きょうはこんな日でした ごまめのはぎしり
nasu
新井克彦画「茄子」




2000.8.31(木)

 数週間前からジョン・アーヴイングの『オウエンのために祈りを』[上]を読んでいます。大好きな作家の、読んでみたいと10年前から思っていた作品なのに、なかなか終わりません。ちょこちょこ読むのは勿体ないので、長い時間がとれた時に読もうと思っているからでしょうね。きょうはヤクルト-横浜戦も雨で中止になって、あしたは休暇にしたのでじっくり読めそうです。
 10年前に確か「文学界」だったかな、第1章だけが翻訳されたことがあります。
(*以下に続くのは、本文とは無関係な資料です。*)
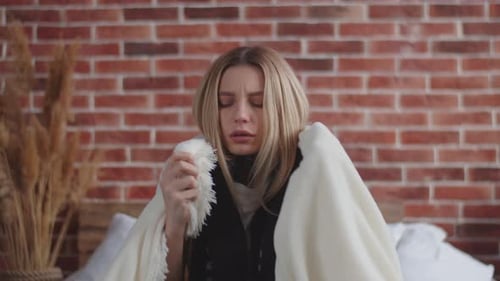 Une fille malade avec un foulard autour du cou, enveloppé dans une couverture et se frotte les épaules au réchauffement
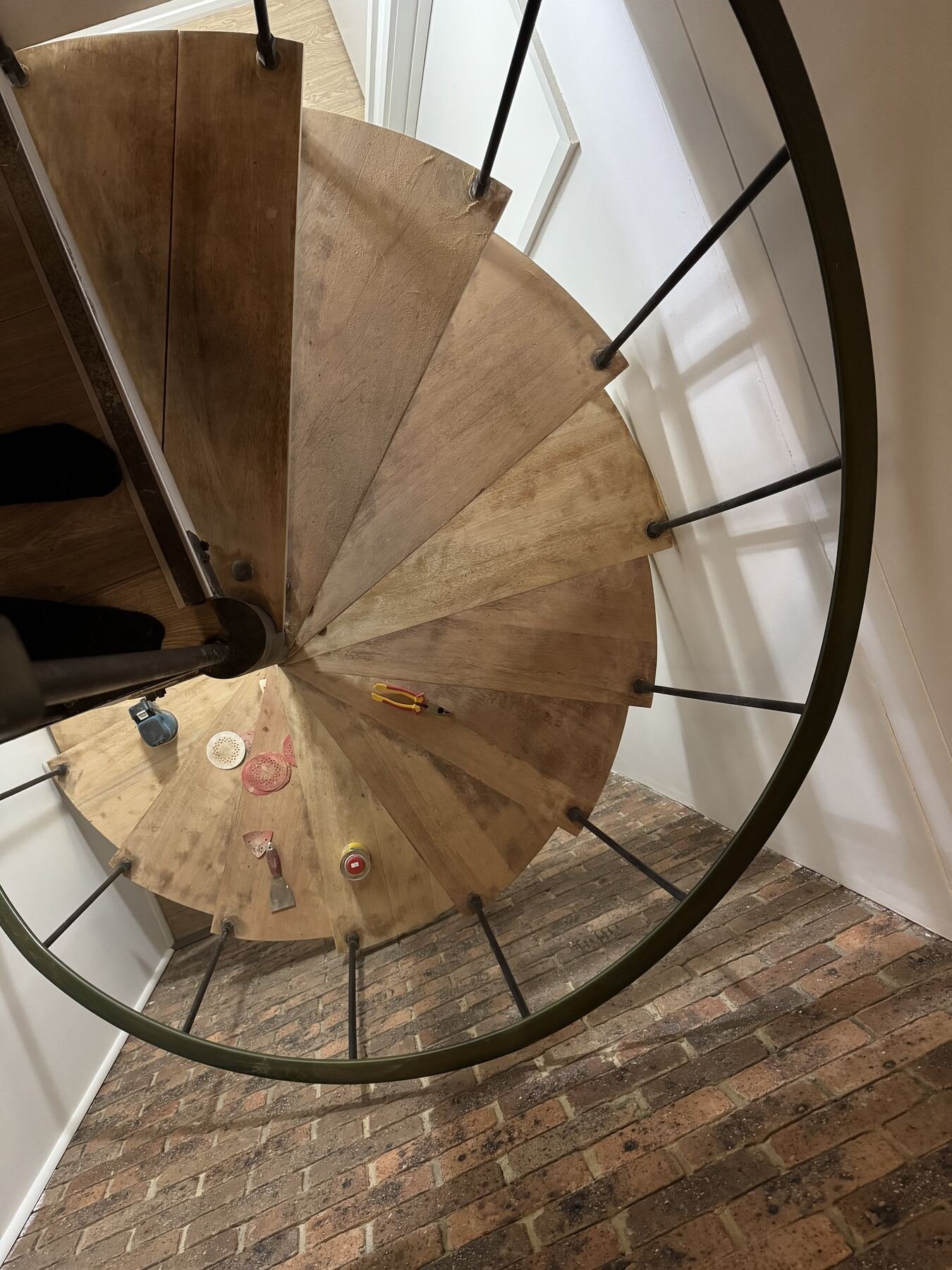 Overhead view of the spiral staircase sanded back to clean bare timber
その時のタイトルは『オウエン・ミーニーのための祈り』だったと記憶しています。訳者も今回とは違っていると思います。
第2章以降を読みたくて、ずいぶん本屋さんに通って翻訳されているか調べましたが、空振りばっかりでした。原書で読もうかとも思いましたが、私の英語力では無理だろうなと諦めていたんですよ。去年の7月に出版されていたんですね。迂闊でした。
 [上]をそろそろ読み終わりますが、いい作品です。人間の描き方が素晴らしい。事件の置き方に無理がない。人間とは何だろうと、一段も二段も深く考えさせられる等々、アーヴィングファンならずとも納得できる作品だろうと思います。ご一読を薦めますよ。


一人詩誌『真昼の家』13号
mahiru no ie 13
2000.9.1 埼玉県三郷市 高田昭子氏発行 非売品

 母娘

肉親を選べない、というところからヒトの生涯ははじまっている。
思春期から青春期にかけてのわたしは、そこから離れることが「生
きること」と等しいことだったようだ。けれども娘を産んだ時、祖
父母以前から父母へと連なっている生命の連鎖のどこかに、わたし
は再び組込まれたのだ、と感じた。
幼い娘のおむつを取り替えながら、小さな小さな娘のそこには、次
の生命を産むための準備がもうすべて整えられていた。それは精巧
に美しく造られた雛形のようだった。その時の哀しみと不思議さを
忘れることはできない。そしてこの娘もすでにその連鎖に組込まれ
ているのだと、漠然とした不安を抱いていたことも……。
そして、この娘もまた肉親を選べなかったのだということも……。

 「その時の哀しみ」という言葉を見たとたん、この人は生まれながらの詩人だな、と思いました。人間の存在の哀しみを判らなければ、詩人である必要がないと思っています。それが判る人だけが詩を書けばいい、判らない人は無理をして詩を書く必要はない、とも思います。むしろ詩なんて書かない方がどれだけ楽に生きられることか。それは決して悪いことではありません。そういう生き方をしている人が人類の大部分ですし、それを批判する気は毛頭ありません。
 ただ、どういう訳か「その時の哀しみ」を知ってしまった。知ったからには書くしかありません。逃げることはできないのです。それが与えられた義務だと思います。
 高田さんはこの短い作品の中に本質的な詩人の要素を書き出していて、私も忘れがちななぜ詩を書くのか≠ニいう原点を久しぶりに思いだしました。肉親、人間の歴史など、この作品に含まれる重要なテーマについても解説しなければなりませんが、それはやめます。「その時の哀しみ」だけを取り出して充分でしょう。詩の根源を改めて考えさせられました。